Here are some great substitutes for nutmeg in your cooking:

  • Allspice: Allspice is a berry from the Jamaican Bayberry leaf which is also high in eugenol, giving it a similar woody, warm flavor. As allspice is commonly found in kitchen pantries it is a convenient replacement for nutmeg. As such, allspice is a good partial substitue, using a 1:1 ratio.
  • Mace: Mace is made from the outer layer of the nutmeg seed. As mace has a very similar, yet subtler flavor, you can replace nutmeg with 1.5x the amount of mace.
  • Cinnamon: gound cinnanmon looks like nutmeg and while sweeter, it has a similar taste to nutmeg when used sparingly as an undertone. Do not use cinnamon in recipes that call for both nutmeg and cinnamon. Replace nutmeg with 1/2 the amount of cinnamon.
  • Cloves: in small amounts, cloves bring a warming, earthy and aromatic flavor while also numbing the palate. Just add a dash of cloves instead of nutmeg.
  • Ginger: ginger has a fruity flavor with hat and zing, similar to nutmeg when used sparingly as an infusion. Due to the potency of ginger, half the amount of nutmeg is recommended.
  • Apple pie spice: this spice mix is normally made from cinnamon, cardamom and allspice, thus already has a similar, yet sweeter taste. Simply repalce the nutmeg of this spice and reduce the amounts of the other spices if used in the recipe as well.
  • Pumpkin spice: pumpkin pie spice substitues the cardamom of apple pie spice mix with ginger. Some versions are made from cinnamon, ginger, cloves, allspice and sometimes nutmeg itself. This makes a direct replacement tricky as the recipe may require these spices.
  • Garam Masala: Garam masala is a popular Indian ground spice mix with cumin, cinnamon, mace, cloves, bay leaves, coriander, and cardamon. This complex mix already has mace, a nutmeg substitute but can also have nutmeg added to it. As it is a complex blend, start by replacing the nutmeg wiith 1/2 the garam masala.

Mace vs Nutmeg

Nutmeg comes from a tropical evergreen tree that produces two distinct spices: nutmeg – the seed and mace, its lacy covering.
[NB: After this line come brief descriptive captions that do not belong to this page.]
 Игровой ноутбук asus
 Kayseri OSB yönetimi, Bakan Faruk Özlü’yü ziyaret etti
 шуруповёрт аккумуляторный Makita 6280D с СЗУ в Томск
While nutmeg and mace are often used interchangeably, especially in sweet dishes, a refined palate can tell the difference. Where nutmeg is bittersweet, woody, and warm, mace is sweet, warm, and aromatic. While nutmeg has to be grated, which leaves flecks in pale creams and clear broths, whole blades of mace can be used instead – simply remove the blade prior to serving!
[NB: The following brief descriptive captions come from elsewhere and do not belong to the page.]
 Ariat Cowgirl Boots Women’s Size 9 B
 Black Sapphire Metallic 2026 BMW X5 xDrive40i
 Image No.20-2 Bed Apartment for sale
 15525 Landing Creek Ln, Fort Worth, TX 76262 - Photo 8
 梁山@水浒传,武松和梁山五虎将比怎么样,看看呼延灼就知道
Nutmeg is stronger than mace and therefore less is needed. The accepted ratio is 1 teaspoon of mace = 1/2 teaspoon of nutmeg.

Recipes with Nutmeg

  • Coffee with nutmeg
  • cookies with nutmeg
  • tea with nutmeg
  • Silky nutmeg ganache
  • Chocolate, Orange and spice fondue

Grated nutmeg vs ground nutmeg

While many stores sell ground nutmeg, this spice should always be used fresh as its flavor oils are amongst the quickest to evaporate. Freshly grated nutmeg has a heady aroma that fades away quite rapidly. Freshly grated nutmeg will start to lose flavor after about 30 minutes in the summer. After a day, it is will have lost 90% of its vibrancy, leaving a woody taste behind. Imagine the store-bought grated nutmeg… how long has it been on your shelf? How long since it was manufactured?
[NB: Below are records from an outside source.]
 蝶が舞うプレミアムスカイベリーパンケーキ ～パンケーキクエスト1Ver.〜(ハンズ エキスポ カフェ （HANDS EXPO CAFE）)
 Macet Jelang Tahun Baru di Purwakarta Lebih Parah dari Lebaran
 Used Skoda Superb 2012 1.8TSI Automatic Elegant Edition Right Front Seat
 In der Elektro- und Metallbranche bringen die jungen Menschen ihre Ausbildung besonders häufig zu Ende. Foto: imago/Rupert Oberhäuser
Nutmeg storage and shelf-life:

Whole nutmeg keeps for at least a year if stored in a sealed container kept in a cool, dark place. Discard as soon as black spots develop. Ground nutmeg can keep for a year under the same conditions, though the flavor will fade within a month and the remaining product tends to be bitter and flat. If buying ground nutmeg, try to keep the bottle as steady as possible as the outer layers of nutmeg powder can act as an insulation layer, trapping the flavorful oils deeper inside.